Reprinted with permission from the blog Teachable Moments

Many states and many many colleges and universities recognize American Sign Language (ASL) as a foreign language.

I do not know anyone who came out of high school, or even college, fluent in a second language unless they already had exposure to that language at home.  Despite taking two years of French in middle school, a few years of Spanish in high school and three years of Italian in college, I cannot speak any language other than English.  I do not come from a multilingual family, and found that while I could understand the languages, it took a very long time for me to formulate the words in my head.  By the time I knew what I wanted to say, I was already too far behind in the conversation.  This led to anxiety.  I skipped the oral part of my Italian final my senior year in college.  I could not stand in front of my class for 6 minutes speaking in Italian with no note cards.  I would rather take a zero and risk my GPA than have that experience.  I explained this to my professor and while this did impact my grade, thankfully it did not decimate my grade.

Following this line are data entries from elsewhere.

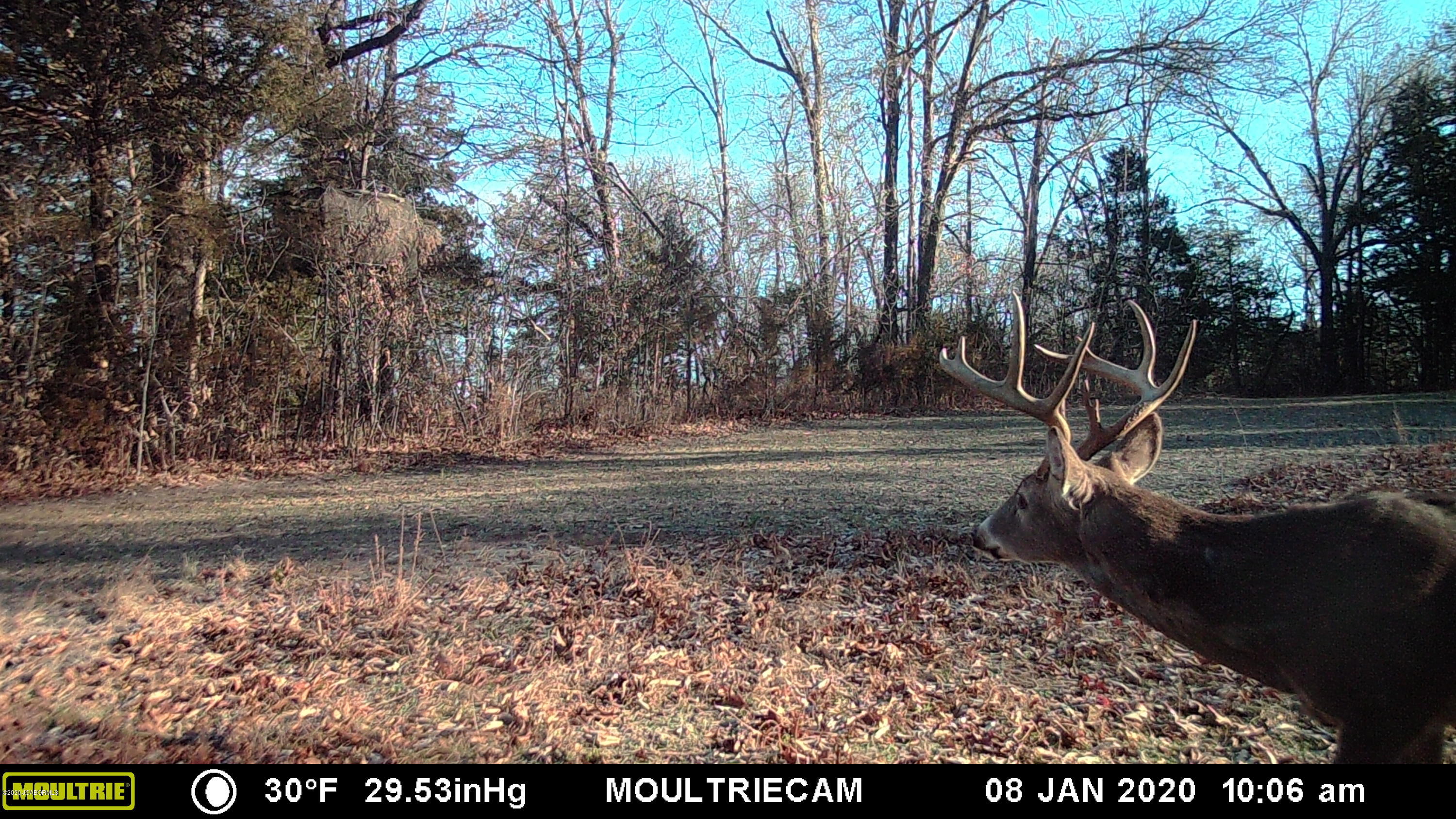 Tbd Paris Farm Road New Bloomfield, MO 65063 - Photo 6 of 9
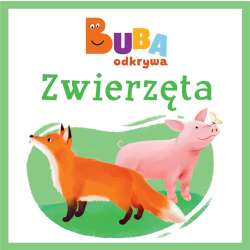 Zwierzęta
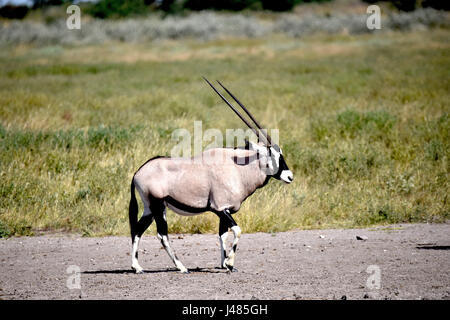 Un oryx se promène dans la savane botswanaise. Prise le 09.04.2017 dans la réserve de gibier du Kalahari central. L'oryx est une espèce d'antilopes trouvés dans toutes les régions sèches de l'Afrique. Ils sont remarquables par leurs longues cornes, où les deux sexes se développer. Les mâles atteignent jusqu'à 200 kg, les femelles 160 kg. Les animaux, qui vivent souvent en petits groupes, ont été connus pour repousser avec succès de grands chats avec leurs cornes. L'oryx est l'emblème sur le peuple namibien des armoiries. Dans le monde d'utilisation | Banque D'Images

In order to meet college entry requirements, it is typical that three consecutive years of a foreign language must be studied.   ASL meets this requirement in most states and is acceptable for entry to many colleges, including Ivy League Universities such as Yale.  ASL meets the needs of my tactile learner, and I just happen to know a ASL instructor who agreed to teach my girls, as well as two of their friends every week at her house!
Our class began in September and will continue all year.  After just 6 weeks of lessons, I am simply amazed at how much they are learning.  Not only have they learned the finger alphabet, they have learned many signs for colors, household objects, animals, counting, money, and how to link the signs together to express thoughts. They can sign simple sentences like “I ate eggs and toast today”.  In addition to the language of signing, they are being taught about deaf culture.  We have watched two excellent documentaries:
Sound and Fury (streaming on Netflix)
Audism Unveiled 

We have finger alphabet signs hanging in our kitchen and both bathrooms.  The girls quiz each other in the car or on the train and do their homework during our library study hall time.  They have a friend who is fluent in ASL and practice with her.

This has been a wonderful introduction to a beautiful language.  My hope is that their teacher will continue on past May, but should life lead us in different directions, I am grateful that we have several locations where the girls can continue lessons.  However, they will not be as cozy and inviting as learning in a house with the support and encouragement of their friends.